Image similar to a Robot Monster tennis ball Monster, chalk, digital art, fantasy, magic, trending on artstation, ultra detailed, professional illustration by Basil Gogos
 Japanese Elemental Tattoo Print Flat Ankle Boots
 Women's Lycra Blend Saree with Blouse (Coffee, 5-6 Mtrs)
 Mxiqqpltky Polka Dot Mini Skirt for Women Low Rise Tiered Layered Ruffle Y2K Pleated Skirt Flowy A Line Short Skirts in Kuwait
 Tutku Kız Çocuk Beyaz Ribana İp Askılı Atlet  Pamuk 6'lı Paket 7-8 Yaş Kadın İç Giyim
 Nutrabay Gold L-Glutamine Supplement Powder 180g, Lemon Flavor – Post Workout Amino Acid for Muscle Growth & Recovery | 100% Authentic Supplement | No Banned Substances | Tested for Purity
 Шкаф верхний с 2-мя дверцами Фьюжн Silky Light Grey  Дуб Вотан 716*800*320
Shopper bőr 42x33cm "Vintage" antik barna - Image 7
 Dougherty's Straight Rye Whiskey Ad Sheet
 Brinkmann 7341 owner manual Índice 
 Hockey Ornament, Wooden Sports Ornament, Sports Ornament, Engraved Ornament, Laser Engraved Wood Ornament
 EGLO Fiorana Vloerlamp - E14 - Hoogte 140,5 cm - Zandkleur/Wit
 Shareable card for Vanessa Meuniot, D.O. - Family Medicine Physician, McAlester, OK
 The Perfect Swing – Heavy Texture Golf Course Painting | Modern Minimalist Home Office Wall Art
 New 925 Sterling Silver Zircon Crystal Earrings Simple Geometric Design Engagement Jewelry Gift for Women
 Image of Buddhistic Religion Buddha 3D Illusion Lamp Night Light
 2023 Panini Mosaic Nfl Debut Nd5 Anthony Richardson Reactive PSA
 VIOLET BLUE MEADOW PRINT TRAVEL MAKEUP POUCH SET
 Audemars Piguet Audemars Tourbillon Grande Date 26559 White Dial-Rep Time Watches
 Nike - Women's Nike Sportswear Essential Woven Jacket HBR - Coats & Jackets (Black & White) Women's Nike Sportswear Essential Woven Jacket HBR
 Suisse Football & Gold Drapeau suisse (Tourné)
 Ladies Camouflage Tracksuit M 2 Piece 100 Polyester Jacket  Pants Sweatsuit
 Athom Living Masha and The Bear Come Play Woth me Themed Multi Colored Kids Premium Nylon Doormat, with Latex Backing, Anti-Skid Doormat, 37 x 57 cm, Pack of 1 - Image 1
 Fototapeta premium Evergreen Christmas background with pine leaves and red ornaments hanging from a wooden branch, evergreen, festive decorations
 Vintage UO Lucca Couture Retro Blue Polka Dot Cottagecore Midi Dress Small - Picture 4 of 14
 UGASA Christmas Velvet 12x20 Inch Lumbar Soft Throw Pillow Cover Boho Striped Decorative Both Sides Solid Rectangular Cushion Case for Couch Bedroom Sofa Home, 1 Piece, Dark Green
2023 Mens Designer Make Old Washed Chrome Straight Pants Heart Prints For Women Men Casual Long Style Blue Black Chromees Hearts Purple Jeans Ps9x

════════

# PROBLEM STATEMENT:
Retype the material in full, keeping each line exactly as it is.

# RESULT OF THIS EXERCISE:
Image similar to a Robot Monster tennis ball Monster, chalk, digital art, fantasy, magic, trending on artstation, ultra detailed, professional illustration by Basil Gogos
 Japanese Elemental Tattoo Print Flat Ankle Boots
 Women's Lycra Blend Saree with Blouse (Coffee, 5-6 Mtrs)
 Mxiqqpltky Polka Dot Mini Skirt for Women Low Rise Tiered Layered Ruffle Y2K Pleated Skirt Flowy A Line Short Skirts in Kuwait
 Tutku Kız Çocuk Beyaz Ribana İp Askılı Atlet  Pamuk 6'lı Paket 7-8 Yaş Kadın İç Giyim
 Nutrabay Gold L-Glutamine Supplement Powder 180g, Lemon Flavor – Post Workout Amino Acid for Muscle Growth & Recovery | 100% Authentic Supplement | No Banned Substances | Tested for Purity
 Шкаф верхний с 2-мя дверцами Фьюжн Silky Light Grey  Дуб Вотан 716*800*320
Shopper bőr 42x33cm "Vintage" antik barna - Image 7
 Dougherty's Straight Rye Whiskey Ad Sheet
 Brinkmann 7341 owner manual Índice 
 Hockey Ornament, Wooden Sports Ornament, Sports Ornament, Engraved Ornament, Laser Engraved Wood Ornament
 EGLO Fiorana Vloerlamp - E14 - Hoogte 140,5 cm - Zandkleur/Wit
 Shareable card for Vanessa Meuniot, D.O. - Family Medicine Physician, McAlester, OK
 The Perfect Swing – Heavy Texture Golf Course Painting | Modern Minimalist Home Office Wall Art
 New 925 Sterling Silver Zircon Crystal Earrings Simple Geometric Design Engagement Jewelry Gift for Women
 Image of Buddhistic Religion Buddha 3D Illusion Lamp Night Light
 2023 Panini Mosaic Nfl Debut Nd5 Anthony Richardson Reactive PSA
 VIOLET BLUE MEADOW PRINT TRAVEL MAKEUP POUCH SET
 Audemars Piguet Audemars Tourbillon Grande Date 26559 White Dial-Rep Time Watches
 Nike - Women's Nike Sportswear Essential Woven Jacket HBR - Coats & Jackets (Black & White) Women's Nike Sportswear Essential Woven Jacket HBR
 Suisse Football & Gold Drapeau suisse (Tourné)
 Ladies Camouflage Tracksuit M 2 Piece 100 Polyester Jacket  Pants Sweatsuit
 Athom Living Masha and The Bear Come Play Woth me Themed Multi Colored Kids Premium Nylon Doormat, with Latex Backing, Anti-Skid Doormat, 37 x 57 cm, Pack of 1 - Image 1
 Fototapeta premium Evergreen Christmas background with pine leaves and red ornaments hanging from a wooden branch, evergreen, festive decorations
 Vintage UO Lucca Couture Retro Blue Polka Dot Cottagecore Midi Dress Small - Picture 4 of 14
 UGASA Christmas Velvet 12x20 Inch Lumbar Soft Throw Pillow Cover Boho Striped Decorative Both Sides Solid Rectangular Cushion Case for Couch Bedroom Sofa Home, 1 Piece, Dark Green
2023 Mens Designer Make Old Washed Chrome Straight Pants Heart Prints For Women Men Casual Long Style Blue Black Chromees Hearts Purple Jeans Ps9x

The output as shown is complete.